I referred to other countries in trouble meeting EU conditions. The odd addition is France and its new president, Francois Hollande, with whom Enda Kenny initiated friendly relations, seeing him as some kind of companion. Yet the French president’s objectives are European tax harmonization, which will drain jobs from Ireland and other member states currently benefiting from essential tax competition. Weakening tax competitors will give Hollande a temporary investment boost as those jobs shift location to the centres of population and rail distribution in Europe. Hollande wants to introduce a financial transactions tax from which the IFSC will suffer. Nevertheless, Francois Hollande and his Finance Minister intend to re-negotiate the Treaty. If him, why not us? Recklessly, we are giving away the farm without knowing the new deal. And the new deal is not just for France. Greece is fighting for its survival in the euro, Spain and Portugal are fighting for the same.

We have thrown in the towel and the Government is taking the begging-bowl stance as an expression of policy.

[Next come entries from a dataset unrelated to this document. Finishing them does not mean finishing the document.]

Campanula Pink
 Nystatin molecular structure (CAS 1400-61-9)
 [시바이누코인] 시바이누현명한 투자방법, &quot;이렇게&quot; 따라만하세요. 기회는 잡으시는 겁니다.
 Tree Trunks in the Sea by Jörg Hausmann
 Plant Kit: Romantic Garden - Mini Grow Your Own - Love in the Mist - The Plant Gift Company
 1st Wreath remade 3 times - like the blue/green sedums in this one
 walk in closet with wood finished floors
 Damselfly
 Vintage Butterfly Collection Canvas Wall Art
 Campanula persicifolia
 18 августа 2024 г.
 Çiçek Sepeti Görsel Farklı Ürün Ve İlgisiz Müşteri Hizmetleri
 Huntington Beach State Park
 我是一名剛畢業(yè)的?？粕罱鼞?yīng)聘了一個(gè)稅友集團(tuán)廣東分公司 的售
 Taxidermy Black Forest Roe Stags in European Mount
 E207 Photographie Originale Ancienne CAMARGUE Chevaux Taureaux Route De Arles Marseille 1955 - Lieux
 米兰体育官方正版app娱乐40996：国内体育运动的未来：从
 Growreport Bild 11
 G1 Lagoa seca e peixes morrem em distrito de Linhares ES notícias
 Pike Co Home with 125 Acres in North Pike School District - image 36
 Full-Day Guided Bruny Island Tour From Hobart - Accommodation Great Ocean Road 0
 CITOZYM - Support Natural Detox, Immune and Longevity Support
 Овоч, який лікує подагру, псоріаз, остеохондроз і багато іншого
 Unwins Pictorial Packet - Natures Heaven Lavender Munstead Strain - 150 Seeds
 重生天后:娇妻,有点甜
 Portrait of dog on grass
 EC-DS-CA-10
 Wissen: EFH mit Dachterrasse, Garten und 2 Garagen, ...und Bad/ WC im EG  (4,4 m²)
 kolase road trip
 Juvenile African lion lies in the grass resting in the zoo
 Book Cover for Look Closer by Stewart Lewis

Are there alternatives? Declan Ganley’s re-entry, espousing a No vote, bases his case on positive objectives the first of which is his stated belief that Europe’s insolvency which is fuelling the draconian new laws and systems should inspire a true federal democratic union to replace the totalitarian system of government no longer answerable to the people. It is now a joke remembering the claims once made by leading MEPs about their share in the European democratic mandate. Powerlessly, they participate in a wake.

We should not want to see Greece, the most perilously placed state in the eurozone, being coerced into laws it can’t keep and then being threatened. That is a recipe for break up.

Ganley’s suggestions remind us of the distant days when we joined the EEC. This should inspire widespread hesitation over the course we are now on. He suggests regulating and purging financial institutions that are the holes through which vast amounts of money are draining away under EU leadership protection. State debts, he believes, should be federalized under an EU federal government. The present approach is un-monitored and authoritarian as well as being based on austerity. And it is creating the unworkable disparities between the strong economies and the weak ones, with Greece on the further edge of this frozen situation.

Ganley’s belief, in which I share, includes the issuing of a European Union bond to finance the needs of a new Federal Union government as well as individual states.
Member states will be free to borrow directly from the markets on the understanding that they could be forced into bankruptcy, full losses incurred by lenders, if they fail to meet repayment terms.

He also proposes the key objective of creating a workable democracy in Europe – at present it has none at all – by merging the two positions of president of the European Commission and president of the European Council into one office-holder directly elected. This president would serve for one six-year-term only, and would be chief executive in the same manner as the president of the United States.

The EU Commission, which has failed to govern or safeguard, would become the servant of the executive arm, its members nominated by the democratically elected president, and ratified by a new upper house of the European Parliament.

‘We are now,’ Ganley says, ‘in the midst of the modern historic era's third attempt to unite Europe, Napoleon being the first, and Hitler being the second. This latest attempt, for the first time founded to achieve noble and peaceful aims, should be given the chance to succeed but only on condition that it subjects itself now to democratic accountability, lest it depart on a road to something far less bearable.’

That is why we should be voting No in a fortnight’s time, so that we can retain a more powerful voice instead of becoming no more than carriers of a begging bowl.